Successful salespeople score high in managing their emotions. They don’t overreact to positive or negative selling situations because they’re aware of triggers that cause such responses from customers and make a conscious choice about how they want to show up each day.

Emotion management is important in all selling efforts. Yet emotional intelligence skills are rarely taught to salespeople. Most training is focused on hard sales skills such as prospecting, negotiating or closing tactics. There is little attention placed on soft skills such as empathy, rapport and self-confidence. Even less time is spent on teaching salespeople how to manage their emotions and the emotions of prospects and customers they’re trying to sell.

What’s inside?

Success in sales has more to do with what is inside the salesperson rather than any external factors. Studies reveal that the real key to productivity is not external motivation but motivation that is generated from within the salesperson.

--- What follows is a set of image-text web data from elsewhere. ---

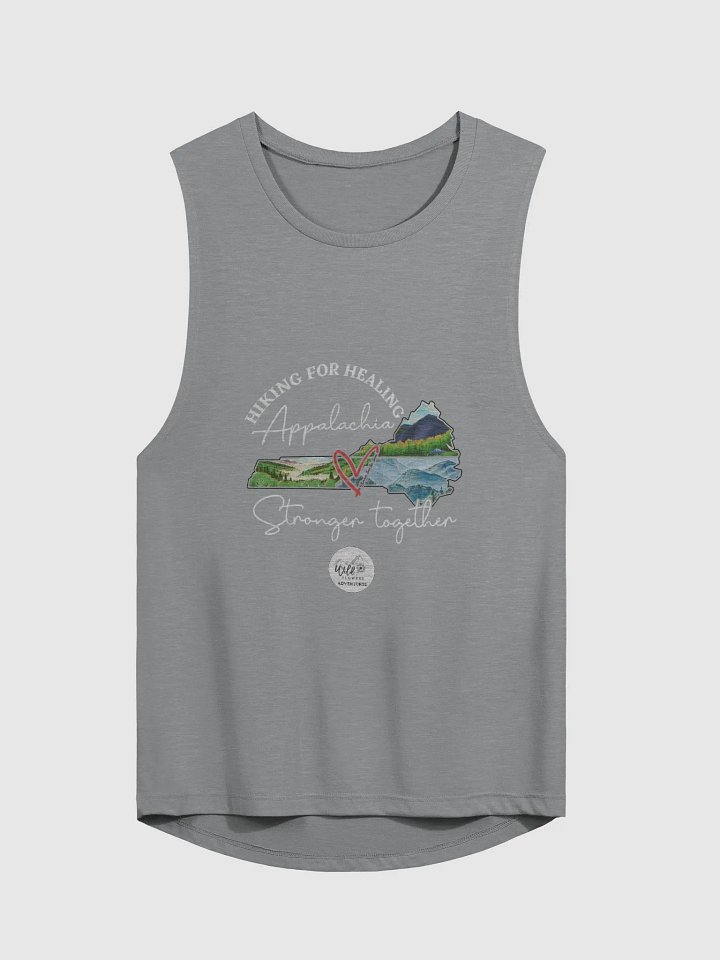 Hiking for Healing in Appalachia - Women's tank product image (3)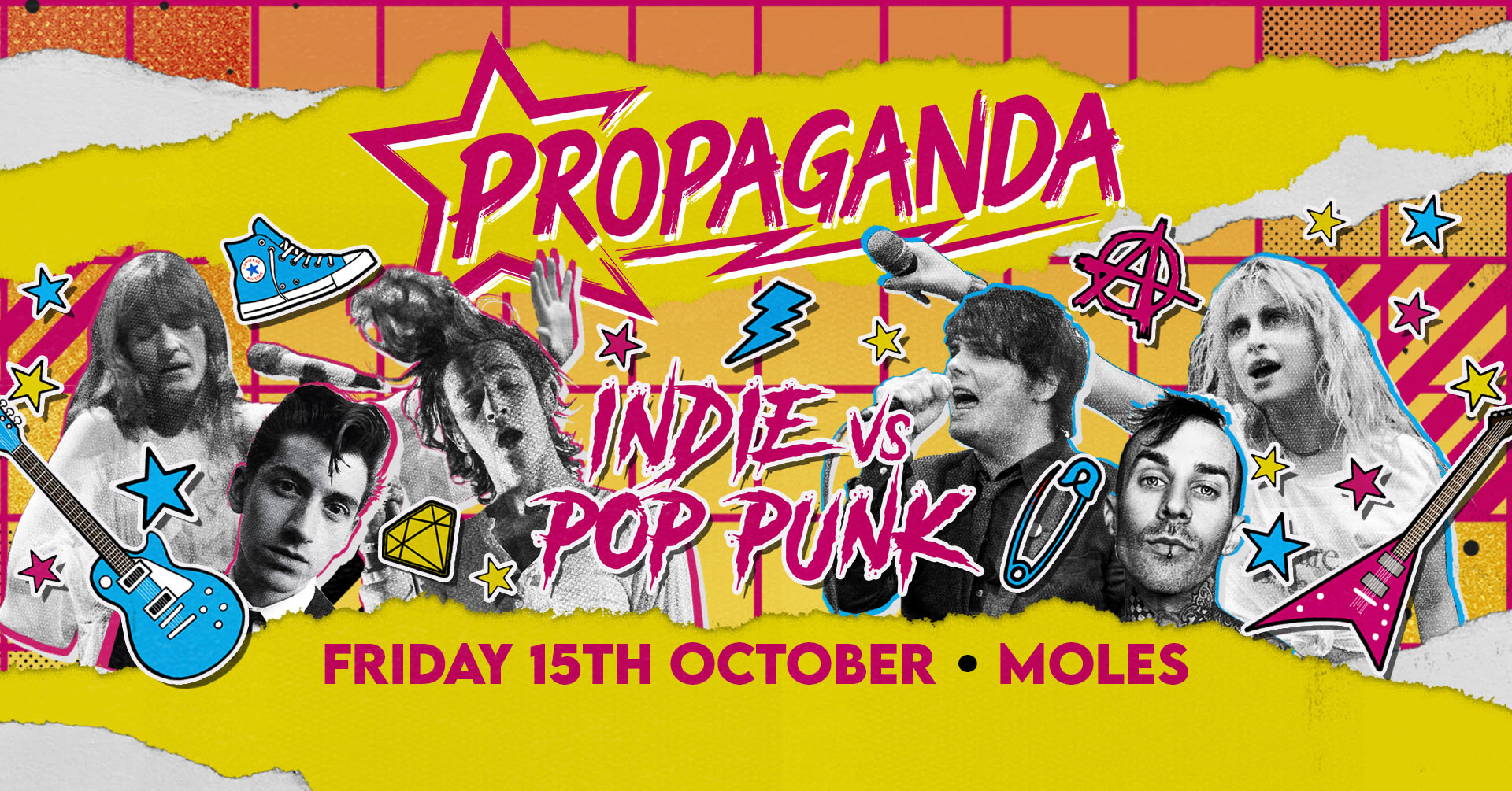Propaganda Bath – Indie vs Pop-Punk!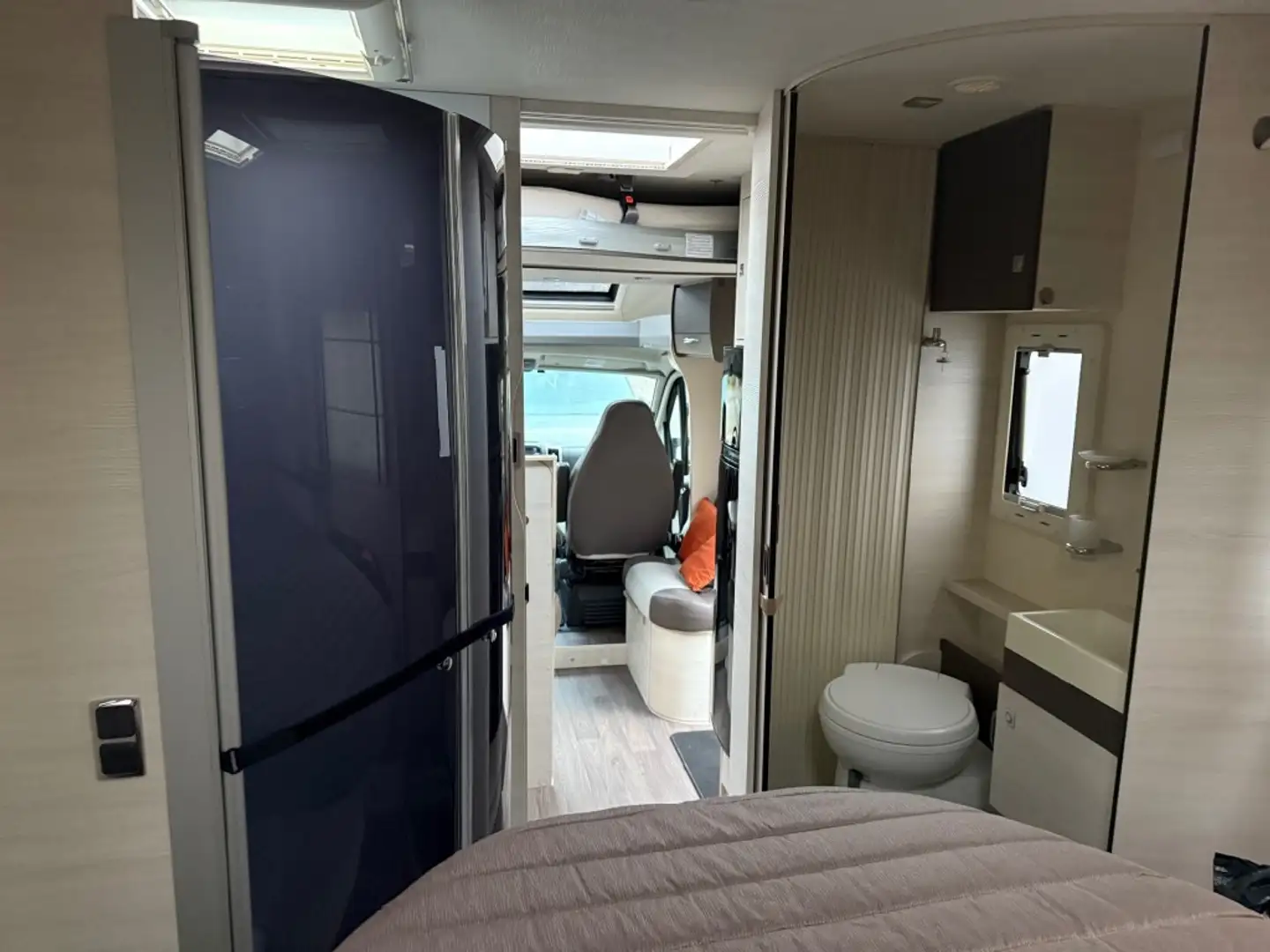 Camping car CHallenger Graphite 398 XLB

Here are the traits that are the foundation for the internal motivation to succeed in sales:

Empathy. This is the first ingredient of the sales equation. Because selling involves concerns, questions and objections, salespeople need to be empathic and flexible enough to adjust their presentation and approach. A salesperson’s confidence that he/she can understand the needs of individual customers and sell them appropriate solutions is essential to internal motivation. Empathy is the starting place for connecting. Salespeople who are empathic will make more real and lasting connections with their customers.

Ego-drive. This is a quality that makes salespeople want and need to make a sale in a very personal way. They enhance their egos through persuading others, frequently in face-to-face, one-on-one situations. Persuading is like breathing for the ego-driven salesperson. However, strong ego-drive alone does not ensure success in selling, unless it is properly balanced with empathy and other key factors. Salespeople whose ego-drive is in overdrive may rush to a close without listening to objections or not relating the product or service to the prospect’s needs.

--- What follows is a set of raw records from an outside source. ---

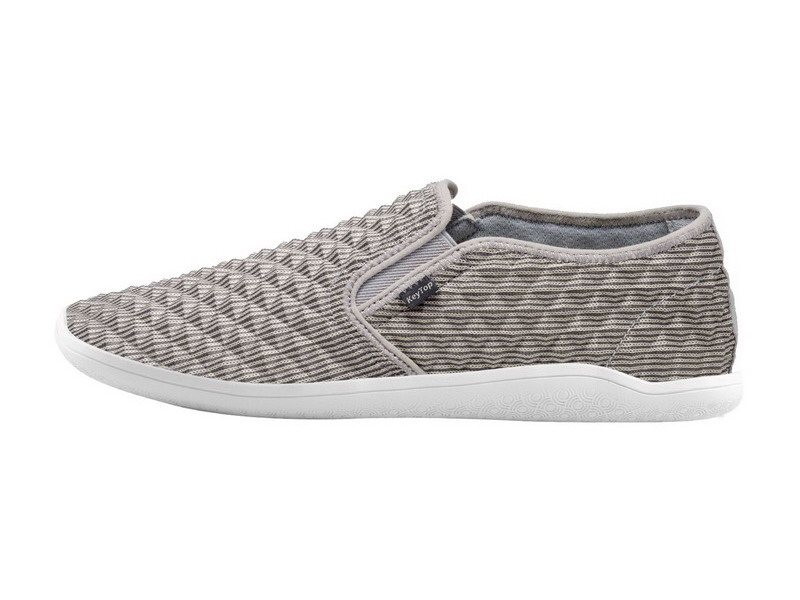 Produttore OEM di Scarpe Slip-On Vegane a Zero Drop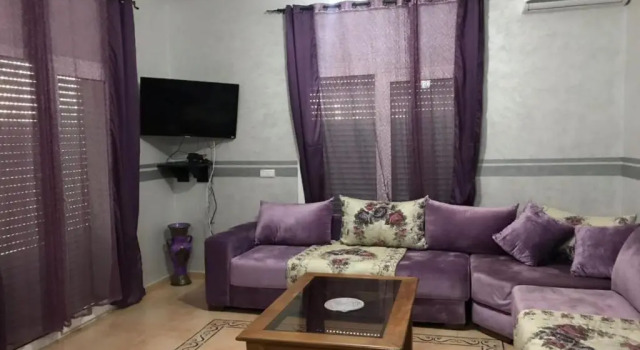 magnifique appartement Saidia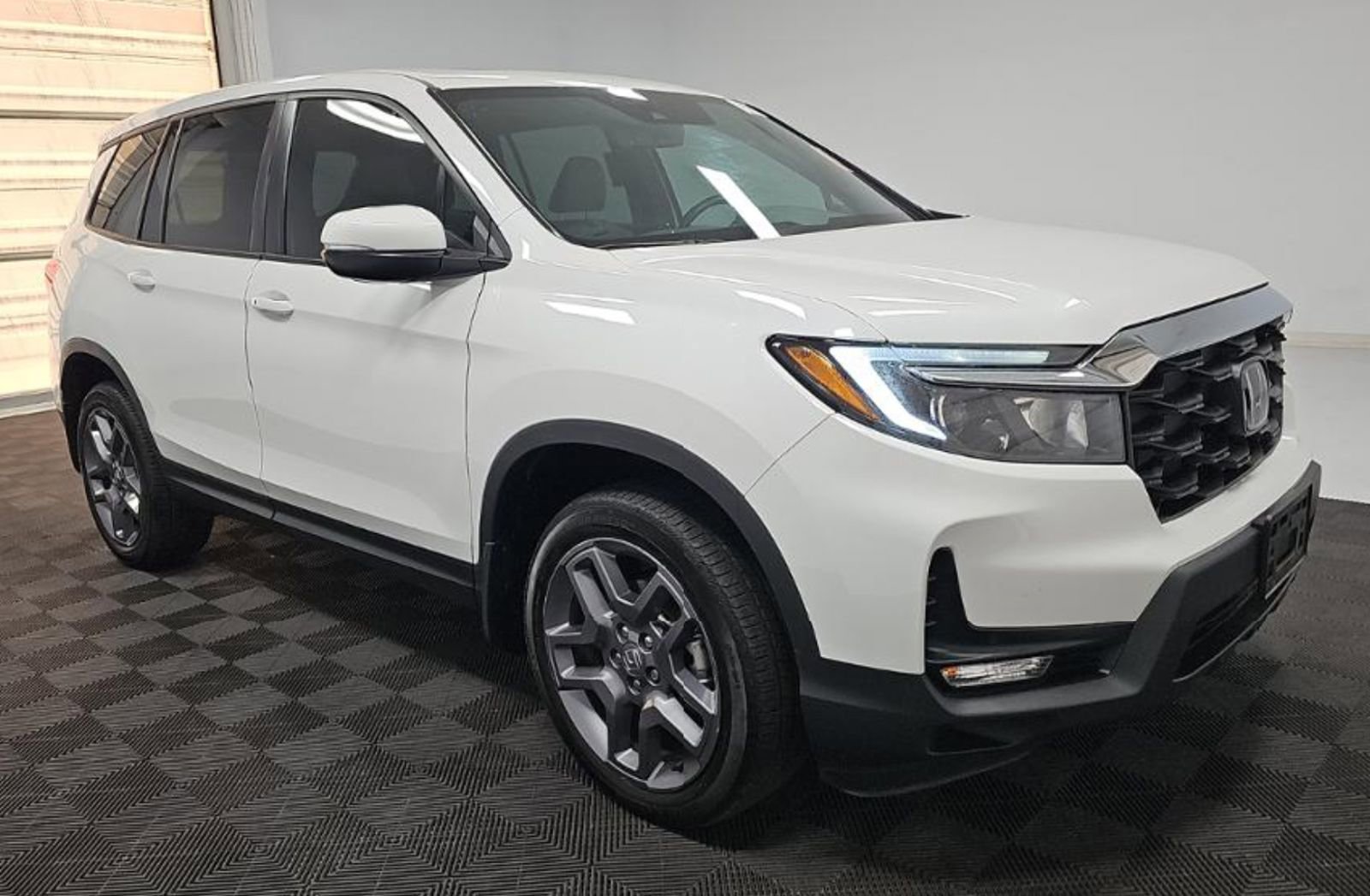 Used 2023 Honda Passport EX-L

Resilience. This is needed to beat rejection. Any person who is attempting to persuade another individual is more likely to be rejected than accepted. Salespeople with resilience view rejection as something to get over, to get through, to get on the other side of. They learn from negative experiences and turn them into defining moments. They react to failure in the same way a hungry person does to missing a meal: They are much hungrier for the next opportunity. Resilience is not about deflecting challenges. Resilience is about absorbing those challenges and rebounding even stronger than before.

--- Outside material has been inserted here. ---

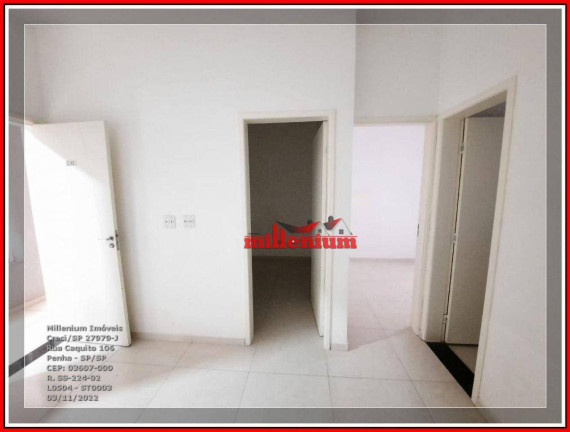 Imagem Studio com 2 Quartos à Venda ou Locação, 40 m² em Penha De França - São Paulo Imagem Studio com 2 Quartos à Venda ou Locação, 40 m² em Penha De França - São Paulo
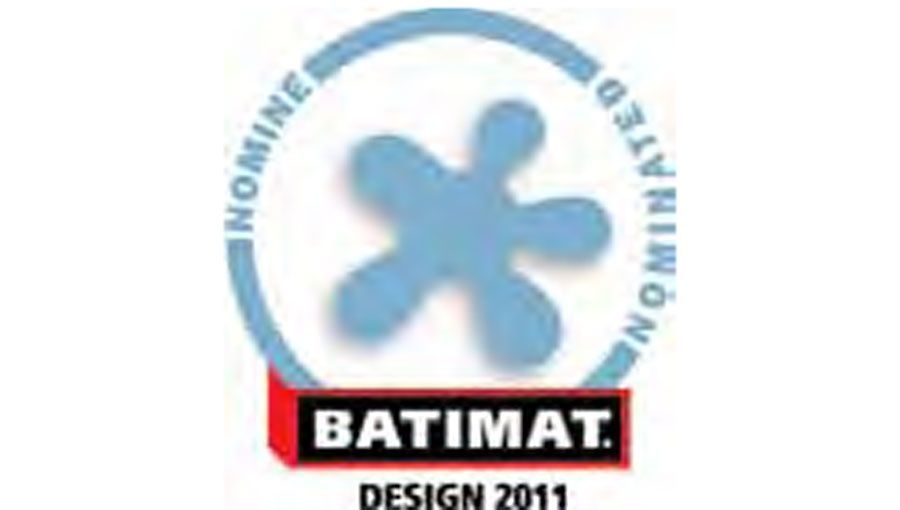 10 Trophées du Design remis à Batimat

Trust. This is the heart of any meaningful relationship between salespeople and customers. It is the start or stop of any relationship. Trust occurs on several levels. It has to do with knowing that you have your customers’ best interests at heart and that you will come through for them, time and time again. It’s the trust you establish with customers that allows them to open up and consider opportunities they might not have even considered for themselves.

Decision-making. This can save a sale from being lost. Even with empathy, ego-drive, resilience and trust, a poor decision maker will never become a great salesperson. The act of buying is not a single decision but a series of decisions. Each step in the decision-making process is made in a logical order. Top salespeople understand how they deal with a prospect at one stage determines when they move to the next stage.

Assertiveness. This allows a salesperson to ask for the order in an effective way. A time comes in every sales situation when a prospect has to be told to “Please sign here.” It’s at this moment of truth when the salesperson’s assertiveness or lack thereof can be the difference between success and failure. Assertiveness is not aggressiveness or pushiness. It’s the ability that enables a salesperson to get prospects to willingly do what they might not do spontaneously on their own.

Insight. This is the ability to read between the lines and process information rather than accept it all at face value. Often a prospect will tell a salesperson what is needed at one level, but insight will allow the salesperson to read between the lines and get to the next level of real need. Insight allows the salesperson to act as a consultant, helping customers to discern their real needs and meet those needs through the product or service being sold.

Adapted from: “Emotional Intelligence For Sales Success,” by Colleen Stanley, president of SalesLeadership, Inc., a leading sales consulting firm that specializes in emotional intelligence sales training.